The recent reporting of whole-genome and whole-exome NGS data from well-characterized MF/SS samples, coupled with transcriptome analysis via RNA sequencing, has significantly advanced this initial bird view of the complex mutational landscape of CTCL.2-8  These studies have now confirmed, expanded, and functionally validated many of the genetic aberrations detected by aCGH in MF/SS, a broad and diverse spectrum that include genes associated with T-cell receptor (TCR) signaling, activation of NF-κB, JAK/STAT signaling, chromatin remodeling, and DNA damage response. However, despite a significant degree of overlap, there was great variability in the identity and frequency of alterations at putative driver genes across studies. For example, some studies identified loss-of-function mutations or deletions of TCF8/ZEB1 in 56% to 65% of cases,2,5,6  whereas others did not.4  By compiling the published NGS data from 220 MF/SS patients, and subjecting them to a uniform statistical analysis, Park et al were able to achieve a sample size adequate to identify 55 putative driver genes, including novel mutations at 17 genes, 5 of which had never been involved in cancer. Importantly, the functional analysis of 1 of these 5 genes (RGD, leucine-rich repeat, tropomodulin and proline-rich containing protein [RLTPR]) further highlights the involvement of the CD80/CD86-CD28 axis in MF/SS, already evident from previous studies, and illustrates the role of TCR signaling as a codriver of MF/SS development. Analogous to other T-cell malignancy models, where JAK/STAT mutations initiate tumor cell proliferation only in the presence of cytokine signaling,9 RLTPR mutations alone were not sufficient to induce transcriptional programs associated with T-cell activation but potentiated >30-fold the effects of TCR signaling. Thus, the functional effect of mutations affecting downstream components of TCR or cytokine signaling needs to be tested and interpreted in the context of the appropriate microenvironment.
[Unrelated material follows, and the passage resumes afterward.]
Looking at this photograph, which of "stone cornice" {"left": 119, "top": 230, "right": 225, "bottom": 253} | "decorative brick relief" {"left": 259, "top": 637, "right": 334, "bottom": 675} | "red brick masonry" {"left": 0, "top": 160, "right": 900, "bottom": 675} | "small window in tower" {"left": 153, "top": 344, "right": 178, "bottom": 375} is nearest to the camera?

This leads us to the observation that mutational landscape studies must, in the end, find validation in preclinical models, where the single or combined effect of specific mutations in the development and progression of T-cell lymphoma can be tested and where rationally designed therapeutic interventions can be explored. In this regard, in vivo data showing the importance of γ cytokine signaling in CTCL come from the stage-dependent overexpression of IL-15 in MF/SS patient samples and from the fact that IL-15 transgenic mice spontaneously develop CTCL.10  Furthermore, TCF8/ZEB1, a frequent target of loss-of-function mutations or deletions in MF/SS,2,5,6  is epigenetically silenced in patient samples that overexpress IL-15,10  thus providing a mechanistic link between specific genetic aberrations and signaling pathways known to be important in CTCL pathogenesis.

The study by Park et al delivers a well-curated genetic map of CTCL. We now have to use that map to plot our journey toward a cure.

Conflict-of-interest disclosure: The authors declare no competing financial interests.